Even close friends aren`t exempted-and most, like Leonard Lauder, chief executive of Estee Lauder Inc., love it. Lauder described a two-week African safari last summer ”as sort of like Bloomingdale`s in Africa,” recalling that they had a tiny shop in Nairobi opened at mid-day because Traub was so taken with its huge, unusual jewelry.

Two weeks later, two Bloomingdale`s buyers arrived at the store to select items for an ”Out of Africa” boutique that was included in the stores`

”Hooray for Hollywood” promotion. Less than a month later, the shop was operating on the store`s third floor.
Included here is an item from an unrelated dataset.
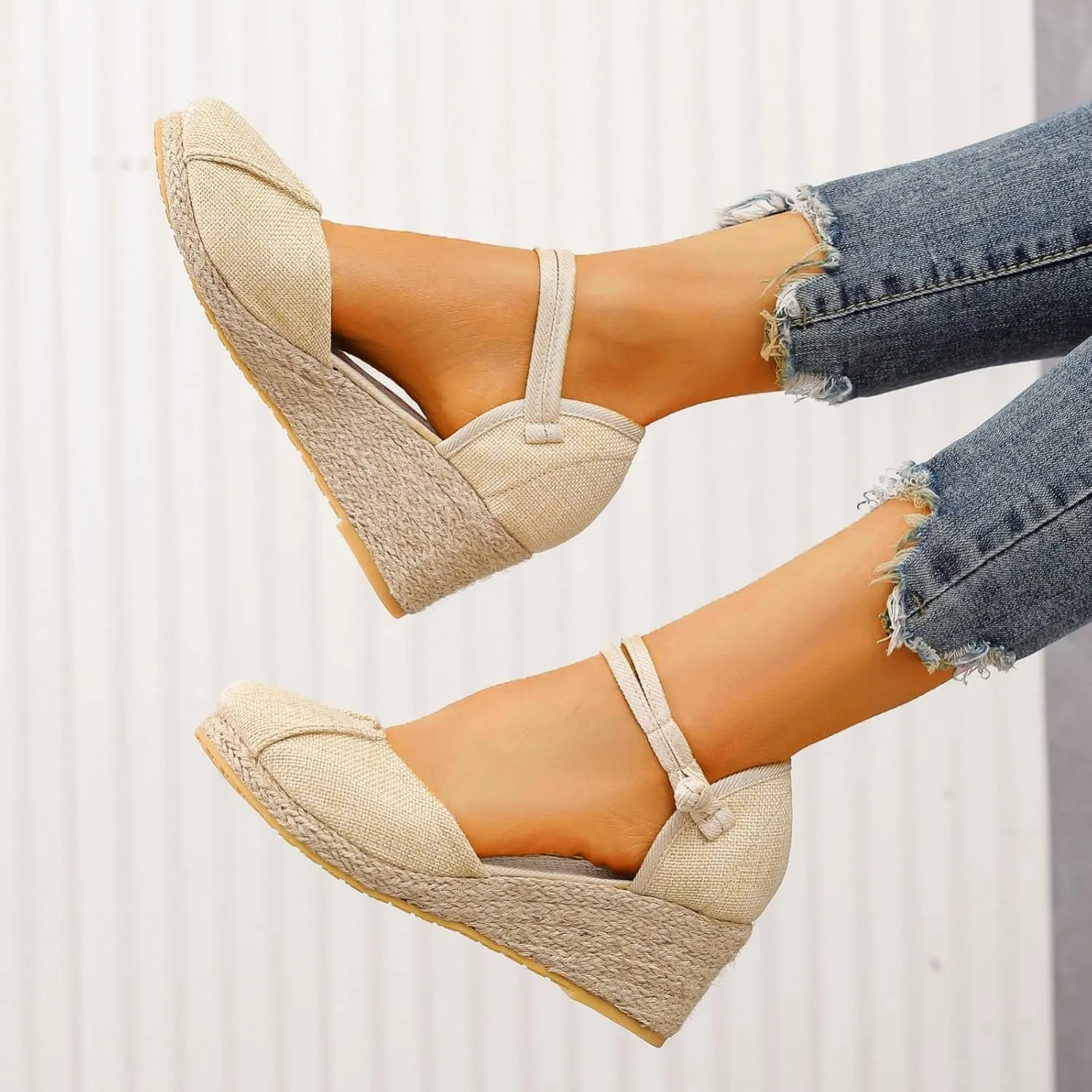 Eduavar Womens Wedge Sandals, Orthopedic Sandals for Women Close Toe Shoes Espadrille Wedge Platform Sandals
”I don`t like traveling with friends as a rule, but I`d go with the Traubs anywhere, anytime, at the drop of a hat,” he said. ”It`s wonderful traveling with them because they`re so enthusiastic.”

”Traub cares a great deal about people, but he expects them to put Bloomingdale`s before everything,” said a retailer who worked with him for years. ”People may bitch about it, but they stay. It`s a love-hate kind of thing.”

Not everyone stays, however. Said a retailer who now heads his own company: ”It`s a very stimulting atmosphere, but it`s not a city or a store of brotherly love. It`s intensely competitive, almost unbelievably so.”

But for Traub, there wasn`t really any question about what he would do after leaving Harvard Business School in 1949. His mother was the fashion director of Bonwit Teller, his father the executive vice president of Lily of France-and his undergraduate recommendation to Harvard was written by his father`s friend and customer, Stanley Marcus.

He joined Bloomingdale`s in 1950 and was quickly identified as chairman-material by then-chairman James Schoff, who moved him into a new job every year for seven years. In positions from assistant buyer to head of the basement to rug buyer, ”I`d build up big sales increases and then leave before I had to worry about matching them the next year,” recalled Traub.

Along the way, Traub began Bloomingdale`s exclusive private label home business in home furnishings and discovered some of the world`s most prominent fashion names, including Ralph Lauren (then a men`s tie designer), Norma Kamali and Perry Ellis. Designers who had their first shops at Bloomingdale`s include Lauren, Calvin Klein, Ellis, Halston and Yves St. Laurent.